I think the culture has made them believe that women don't want to do science and engineering. Therefore, they meet society's expectations by deciding they won't do science and engineering.
Did you feel like a pioneer?
Perhaps, but not at first. When I was choosing to do industrial chemistry or engineering I wasn't even conscious that not too many women were doing it. I knew that most of my friends at the time were choosing very traditional things like teaching or whatever, but no-one made me feel as if I was being excluded at all from those areas. When I started at the university, though, it became obvious that it was a male dominated area. There were many occasions when I'd go to conferences as the only female in the whole auditorium. Then again, that makes you well known – everyone gets to know you really quickly.

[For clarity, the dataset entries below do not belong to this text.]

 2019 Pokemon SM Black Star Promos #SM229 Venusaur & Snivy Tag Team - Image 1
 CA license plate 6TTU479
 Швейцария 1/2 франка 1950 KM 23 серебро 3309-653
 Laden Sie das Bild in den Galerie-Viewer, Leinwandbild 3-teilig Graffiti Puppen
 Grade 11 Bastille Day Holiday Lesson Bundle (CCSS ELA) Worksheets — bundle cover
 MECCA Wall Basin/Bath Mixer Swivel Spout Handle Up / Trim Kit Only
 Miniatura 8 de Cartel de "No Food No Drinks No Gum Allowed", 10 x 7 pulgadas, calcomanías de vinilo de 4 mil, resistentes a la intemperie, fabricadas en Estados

What's been concerning me over the last few years is the way that school educational policies have been trying to focus on girls, with an insistence that the poor girls have been excluded from maths and science because the boys have been dominating the class and haven't allowed the girls to excel. I have been very sceptical, even cynical, about those theories and ideas. Basically women weren't interested, okay? And that's unfortunate: I used to love mathematics and I couldn't understand why other people didn't. It's important to give the information and expose male and female students to all their options, but not to try and bias the system. Over the years everything's been biased towards the females, and I feel sorry for the boys now. I'm the mother of three sons, and I keep on telling them that because the system is geared to work against them they've got to be really careful to make sure as they grow up that the future doesn't exclude them totally.
We have spoken about the prize you were given shortly after you returned to Australia. That's a long time ago. What honours have you received in the meantime?

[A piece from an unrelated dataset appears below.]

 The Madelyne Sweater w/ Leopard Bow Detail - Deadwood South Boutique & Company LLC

I was very honoured to be awarded, first of all, the Whiffen Medal, by the Institution of Chemical Engineers and the Institution of Engineers Australia. That is for applied research or projects with applications for industry. Then two years ago I was awarded the Chemeca Medal, the most prestigious chemical engineering award in Australia, again by the Institution of Engineers Australia and the Institution of Chemical Engineers. Both those medals were awarded for the vanadium battery. I was nominated for them by Mr Graeme Paul, who is a member of the RACI and a really wonderful person.
And in 1999, in the Australia Day honours – again on the nomination of Graeme Paul – I was made a Member of the Order of Australia. That was a great honour and a very proud moment for the whole family.
What are your ambitions for the future?
I want to continue the research I'm doing now. Mainly, though, I want to find more time to travel, because with young children I've always tried to restrict the amount of my travel. I get a lot of invitations to go overseas but most of the time I have to turn them down politely because I haven't wanted to travel without my children. But as they're growing up now and getting more independent, I'm hoping to start doing a lot more travelling, visiting overseas research laboratories and attending more international conferences – and, who knows, starting a whole lot of new things in the future with my husband.
Do you look forward to a time when you can limit administrative and teaching work in favour of research?
Actually, that is one thing I'm hoping to be able to do. I'm not yet sure how, but I've got a few thoughts about it. Hopefully, I'll start taking study leave, which is another thing I haven't been doing much of, and getting away for a while. While I have enjoyed teaching throughout my academic career, I'm finding now that it is just too difficult to do everything well. After another 5-6 years I hope to be just doing research and that will give me more time for travelling, and reading novels and resuming art and sketching and so on – all those other things that I've put aside for 25 years.